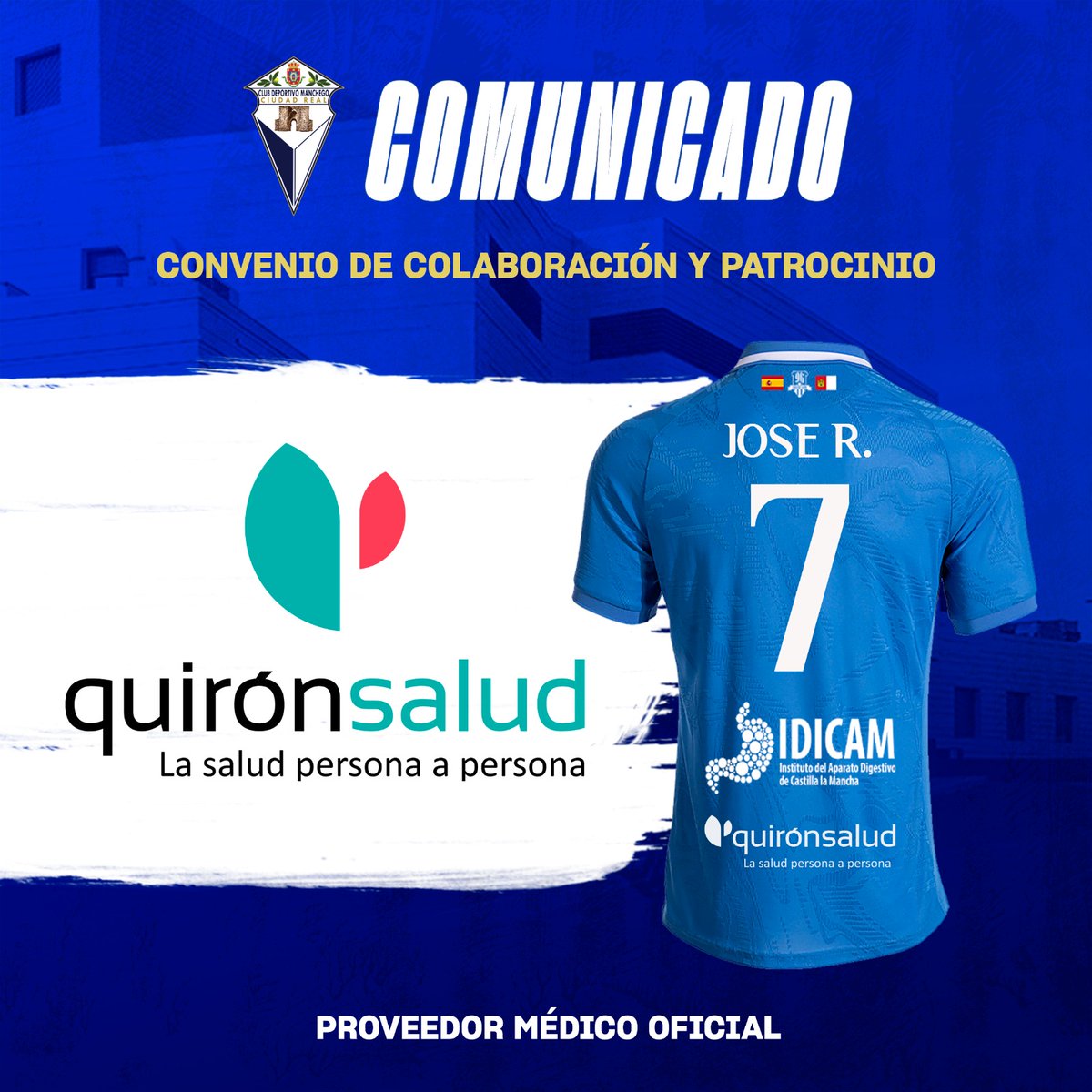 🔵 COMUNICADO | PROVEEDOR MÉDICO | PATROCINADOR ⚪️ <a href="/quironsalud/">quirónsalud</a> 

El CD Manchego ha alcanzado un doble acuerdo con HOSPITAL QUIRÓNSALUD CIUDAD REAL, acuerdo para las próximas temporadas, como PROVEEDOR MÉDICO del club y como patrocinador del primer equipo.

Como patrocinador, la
+--
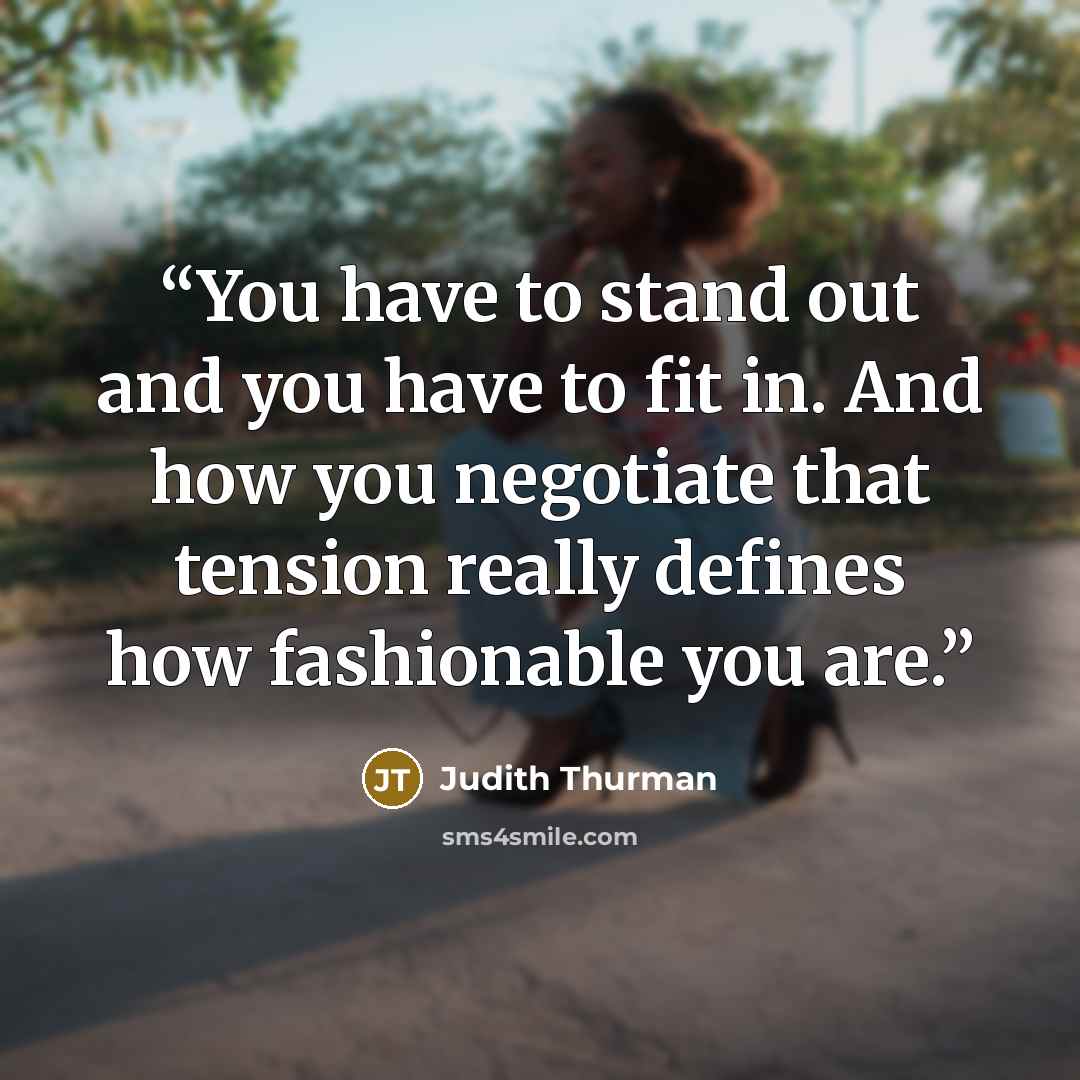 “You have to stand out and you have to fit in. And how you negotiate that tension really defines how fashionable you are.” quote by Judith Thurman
+--
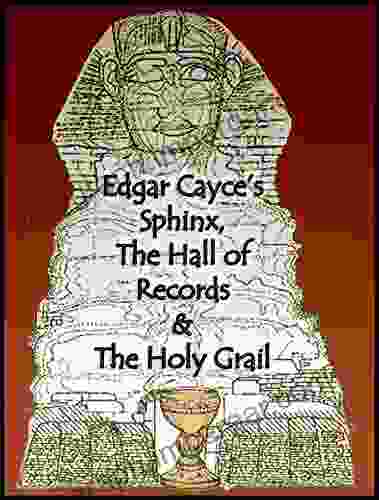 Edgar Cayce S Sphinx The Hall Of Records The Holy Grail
+--
WHAT YOU NEED TO DO: Your copy should hold the lines from the one with "COMUNICADO | PROVEEDOR" up to and including the one with "Como patrocinador, la", exactly as in the data above, and no pictures.

EXERCISE ANSWER:
 🔵 COMUNICADO | PROVEEDOR MÉDICO | PATROCINADOR ⚪️ <a href="/quironsalud/">quirónsalud</a> 

El CD Manchego ha alcanzado un doble acuerdo con HOSPITAL QUIRÓNSALUD CIUDAD REAL, acuerdo para las próximas temporadas, como PROVEEDOR MÉDICO del club y como patrocinador del primer equipo.

Como patrocinador, la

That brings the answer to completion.